# Faema lambro



## onluxtex (Nov 18, 2015)

My first restauration, a Lambro


----------



## onluxtex (Nov 18, 2015)

onluxtex said:


> My first restauration, a Lambro
> 
> View attachment 29121
> View attachment 29122
> ...


----------



## onluxtex (Nov 18, 2015)




----------



## onluxtex (Nov 18, 2015)




----------



## coffeechap (Apr 5, 2012)

Crazy man for letting that go


----------



## onluxtex (Nov 18, 2015)

View attachment 29131
View attachment 29132
View attachment 29133
View attachment 29129
View attachment 29130


----------



## onluxtex (Nov 18, 2015)

coffeechap said:


> Crazy man for letting that go


in this case you are right.

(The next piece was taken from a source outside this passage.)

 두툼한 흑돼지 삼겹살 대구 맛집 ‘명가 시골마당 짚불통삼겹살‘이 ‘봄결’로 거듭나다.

I could kick my own ass if I think about it


----------



## jimwalsh (Sep 3, 2017)

wow that looks like a serious machine. would have trouble getting that one past the wife!


----------



## jimbojohn55 (Jan 15, 2016)

I have to say I admire the construction and quality of the restoration - doffs his imaginary hat -

ps how's it working?


----------



## Thecatlinux (Mar 10, 2014)

Cracking restore


----------



## onluxtex (Nov 18, 2015)

jimbojohn55 said:


> I have to say I admire the construction and quality of the restoration - doffs his imaginary hat -
> 
> ps how's it working?


It was working perfect. I did the mistake to sell it to get the money to buy a new one. Crazy.

I was using it with a R58. One day this and one day the other. The Lambro is build far simpler than the R58 but the espresso is tasting better.

Now I am using a Bosco. Is also easy to handle and no problems with maintenance and repairs like all the levers.


----------



## Phobic (Aug 17, 2016)

that's looking great, fantastic job


----------